Peristiwa yang menimbulkan krisis di PLTN Pulau Three Mile itu termasuk beberapa kegagalan peralatan kecil, dan kesalahan operator.[1] Musibah Pulau Three Mile banyak dipandang sebagai kegagalan manajemen krisis:[2]
Operator reaktor tak dilatih untuk menangani keadaan bahaya, dan Nuclear Regulatory Commission (NRC) tak mengadakan komunikasi efektif dengan prasaranya. Apalagi, begitu bencana terjadi, jalur otoritas terbukti tak ditetapkan dengan baik. Khayalak menerima laporan yang saling bertentangan yang menyebabkan kepanikan dan evakuasi tak perlu. Kelemahan sistem pengaturan itulah yang menyebabkan orang membuat kesalahan.[2]
Sekitar separuh dari inti reaktor TMI-2 mencair, membebaskan banyak gashidrogen ke sistem pendingin reaktor dan ke bangunan pengurungan. Untunglah, kerusakan serius itu tak menimbulkan jatuhnya korban jiwa, sebagian besar karena rancangannya yang kuat. Pembersihan TMI-2 terjadi dalam 11 tahun dan menghabiskan biaya sebanyak US$1 miliar.[1]
Bencana Pulau Three Mile menimbulkan kritik meluas atas teknologi nuklir, industri nuklir, dan NRC. Kritik menuding performa industri dan NRC yang buruk sebelum dan setelah musibah.

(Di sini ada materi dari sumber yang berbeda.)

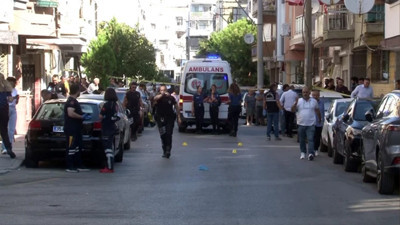 İzmir'de polis karakoluna saldırı! 2 polis şehit oldu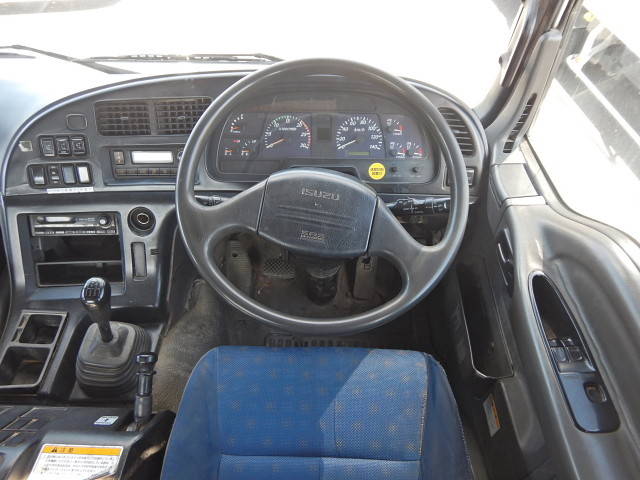 いすゞギガコンテナ専用車大型（10t）[写真20]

Perhatian internasional melipatgandakan penentuan, dan meningkatkan kredibilitas gerakan anti-nuklir. Reaksi publik atas kejadian itu kemungkinan dipengaruhi oleh peluncuran (12 hari sebelum bencana) film berjudul The China Syndrome, menggambarkan musibah di reaktor nuklir. Tak dapat disangkal, industri nuklir AS tak pernah pulih.[3] Hal itu diikuti dengan terhentinya pembangunan ladang nuklir baru di AS.